Supplied data »

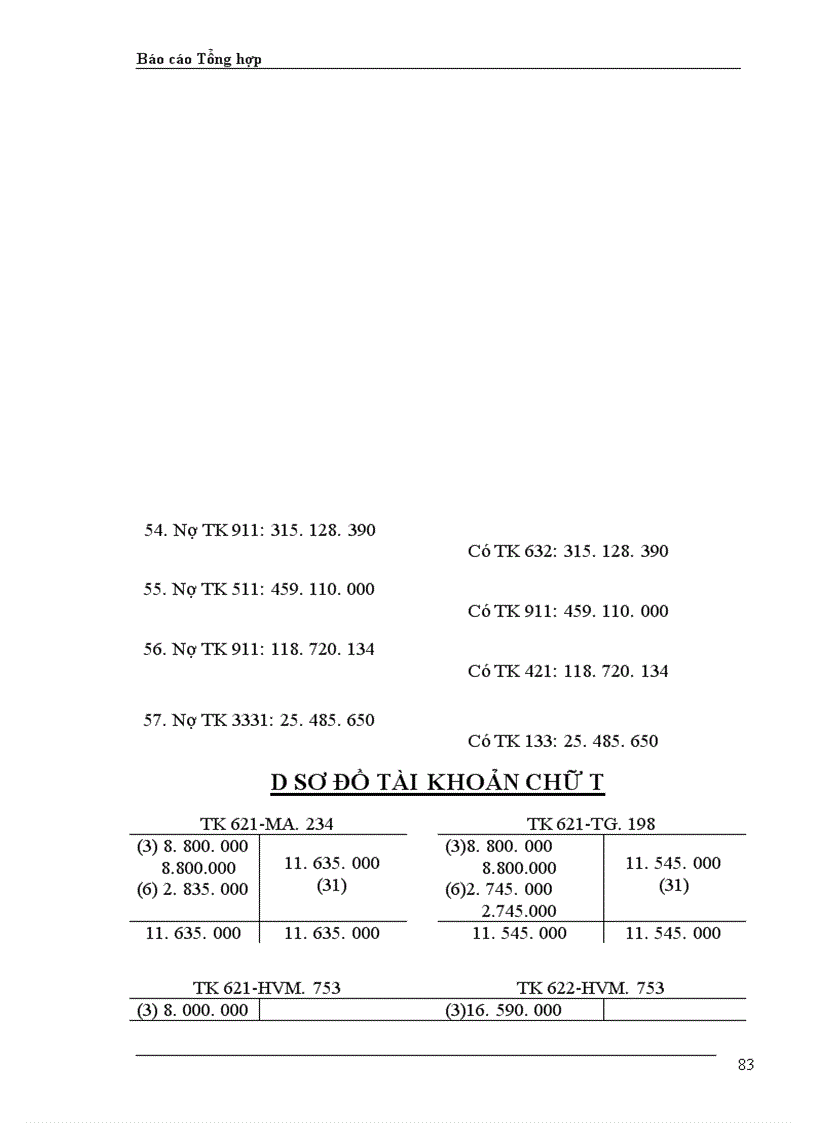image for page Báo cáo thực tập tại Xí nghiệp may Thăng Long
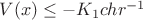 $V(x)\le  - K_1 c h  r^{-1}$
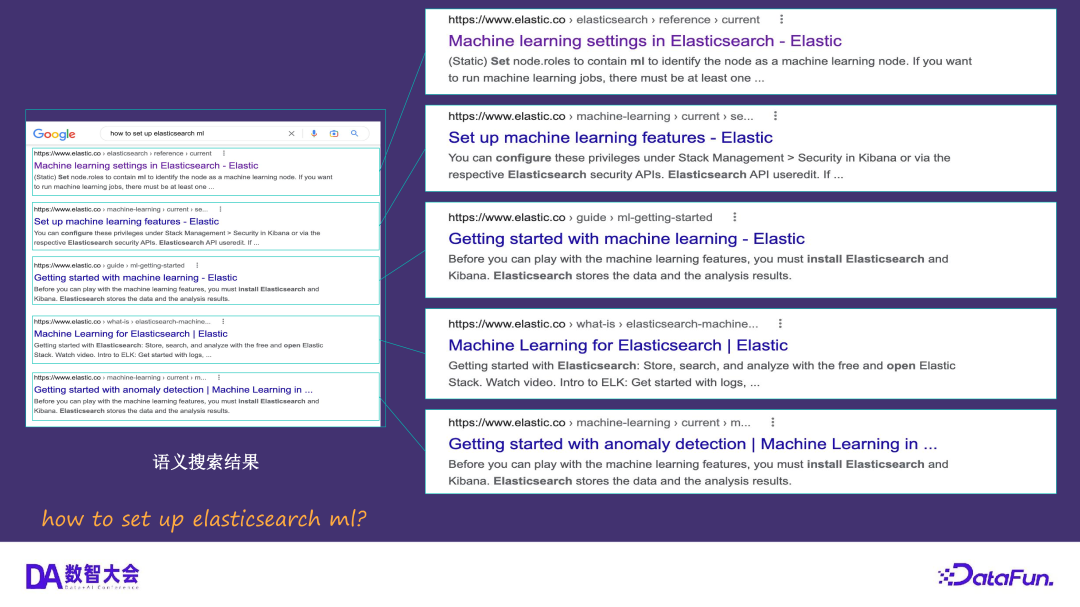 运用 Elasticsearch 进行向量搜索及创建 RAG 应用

Problem to work on »
Word for word, reproduce the listing above; no image should be carried over.

Worked solution »
image for page Báo cáo thực tập tại Xí nghiệp may Thăng Long
 $V(x)\le  - K_1 c h  r^{-1}$
 运用 Elasticsearch 进行向量搜索及创建 RAG 应用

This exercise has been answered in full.